Dai X-Q., Camunas-Soler J., Briant LJB., Dos Santos T., Spigelman AF., Walker EM., Arrojo E Drigo R., Bautista A., Jones RC., Avrahami D., Lyon J., Nie A., Smith N., Zhang Y., Johnson J., Manning Fox JE., Michelakis ED., Light PE., Kaestner KH., Kim SK., Rorsman P., Stein RW., Quake SR., MacDonald PE.
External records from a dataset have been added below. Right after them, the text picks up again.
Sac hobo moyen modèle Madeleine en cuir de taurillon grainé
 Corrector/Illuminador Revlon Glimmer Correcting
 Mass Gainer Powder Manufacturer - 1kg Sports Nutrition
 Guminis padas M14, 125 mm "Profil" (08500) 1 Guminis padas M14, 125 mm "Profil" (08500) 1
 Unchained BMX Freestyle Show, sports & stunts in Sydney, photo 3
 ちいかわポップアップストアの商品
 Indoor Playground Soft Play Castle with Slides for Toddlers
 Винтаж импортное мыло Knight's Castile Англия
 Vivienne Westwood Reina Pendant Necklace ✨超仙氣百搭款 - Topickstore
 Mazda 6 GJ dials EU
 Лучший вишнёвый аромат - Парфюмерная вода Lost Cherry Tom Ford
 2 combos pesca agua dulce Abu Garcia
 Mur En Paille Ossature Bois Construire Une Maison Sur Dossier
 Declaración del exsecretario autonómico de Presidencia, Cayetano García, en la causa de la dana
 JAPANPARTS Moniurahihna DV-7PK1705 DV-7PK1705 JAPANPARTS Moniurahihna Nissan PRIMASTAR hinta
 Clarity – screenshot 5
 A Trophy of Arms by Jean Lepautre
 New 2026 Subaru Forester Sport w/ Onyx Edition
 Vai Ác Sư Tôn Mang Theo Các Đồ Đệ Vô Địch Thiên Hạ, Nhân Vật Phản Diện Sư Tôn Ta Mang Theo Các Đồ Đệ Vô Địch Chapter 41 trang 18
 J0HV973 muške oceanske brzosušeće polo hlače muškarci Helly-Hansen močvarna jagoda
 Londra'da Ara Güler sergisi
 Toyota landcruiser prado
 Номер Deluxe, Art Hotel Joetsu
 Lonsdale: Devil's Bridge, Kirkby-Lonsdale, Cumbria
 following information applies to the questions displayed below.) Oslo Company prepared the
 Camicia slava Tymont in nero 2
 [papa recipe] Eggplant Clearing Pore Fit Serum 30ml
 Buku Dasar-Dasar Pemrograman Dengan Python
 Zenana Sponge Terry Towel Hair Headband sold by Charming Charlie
In diabetes, glucagon secretion from pancreatic α cells is dysregulated. The underlying mechanisms, and whether dysfunction occurs uniformly among cells, remain unclear. We examined α cells from human donors and mice using electrophysiological, transcriptomic, and computational approaches. Rising glucose suppresses α cell exocytosis by reducing P/Q-type Ca2+ channel activity, and this is disrupted in type 2 diabetes (T2D). Upon high-fat feeding of mice, α cells shift toward a "β cell-like" electrophysiological profile in concert with indications of impaired identity. In human α cells we identified links between cell membrane properties and cell surface signaling receptors, mitochondrial respiratory chain complex assembly, and cell maturation. Cell-type classification using machine learning of electrophysiology data demonstrated a heterogenous loss of "electrophysiologic identity" in α cells from donors with type 2 diabetes. Indeed, a subset of α cells with impaired exocytosis is defined by an enrichment in progenitor and lineage markers and upregulation of an immature transcriptomic phenotype, suggesting important links between α cell maturation state and dysfunction.